In terms of intentional communication between organisms with common interests, there is little selection pressure for perfected truth and high selection pressure towards being gullible, reflecting the simple fact that reacting to even dozens of false alarms is more conducive for subsistence than not responding to one veracious alarm, with alarms under most conditions not being disruptive enough to jeopardize feeding, reproduction, or caring for the young. We see this in monkeys with smaller brains than ours: they contagiously howl and scamper up trees at the slightest predatorlike sign without much analysis, though not to a maladaptively frequent extent, while capable of being desensitized at least temporarily. These raw communicative acts allow the group to preserve individuals, promoting survival and ultimately the reproduction of all, resulting in persistence of this interpretive style of cognition.

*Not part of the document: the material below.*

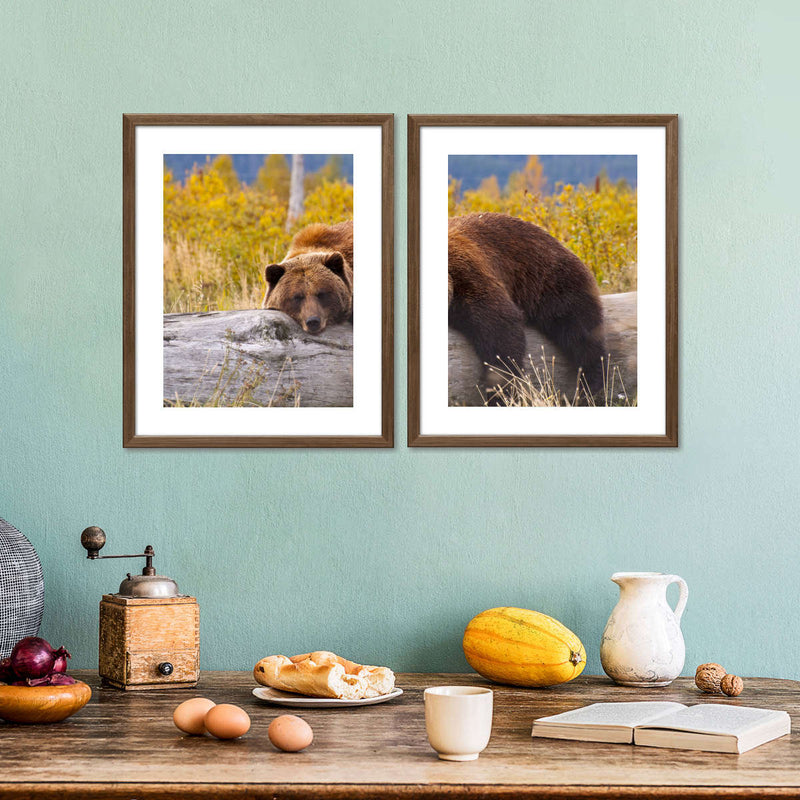 Resting Grizzly Bear Wall Art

It is likely that gullibility is a natural emergence from the instinct of offspring to imitate their parents long before any sort of advanced reasoning ability has developed if one ever materializes at all. We see this in the way newborn ducks imprint onto their first caregiver even if it is a human being, following the object of their devotion around heedless of consequences. This trust can be linked with increased requirement to care for the young; the more dependent a newborn is on its chosen adult for survival and maturation, the more impressionable it will be, all else being equal. This can be contrasted with an animal such as a crocodile that receives no care from its parents and as a result has minimal imitative instinct, conscious or not, though these reptiles do obviously recognize each other and convene to the extent required for reproduction and territorial stability.

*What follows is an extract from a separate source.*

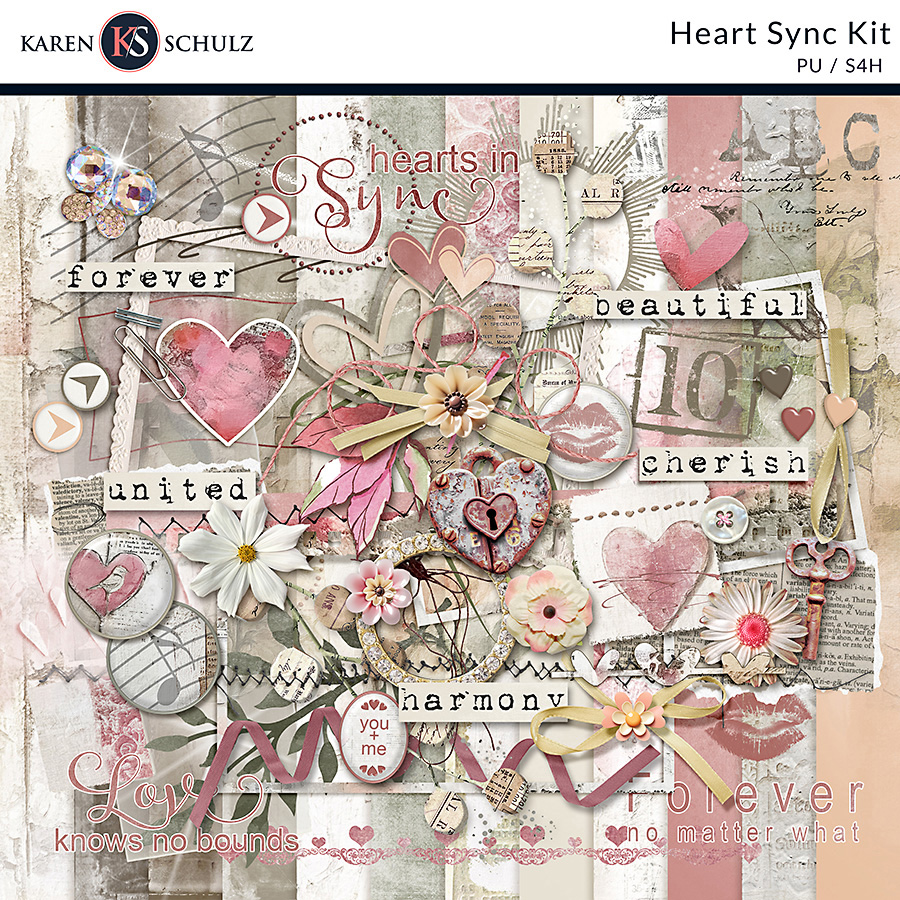 Heart Sync Kit 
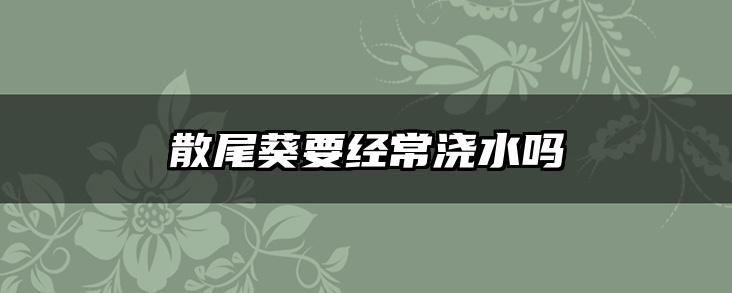 散尾葵要经常浇水吗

The less invested parents are in the success of their young, and the more precarious the young’s survival in general, the more young required to preserve the population’s size: ducks have a few young ranging over wide territory, crocodiles have a dozen young in smaller territories, frogs can have hundreds of young in a single pond, and some fish species such as salmon have thousands of young in a single stretch of river that must migrate back to the ocean alone as fry, for their parents die before they hatch, from which only a small percentage survive as the next generation. The less shelter provided by parental care or otherwise, the more vulnerable young are to predators or the elements, and the less metabolically intensive maturation of behavior can be, so that these species tend to be more asocial — under most circumstances. In the absence of predators, a huge growth in the population of relatively asocial species may even result in adults consuming their own young. In organisms that display bonding behavior, a reverse imprinting of the parent on the offspring often takes place that is not quite as strong or pervasive because it is not as universally indispensable, and can become detrimental if reproductive success depends on the development of independent maturity.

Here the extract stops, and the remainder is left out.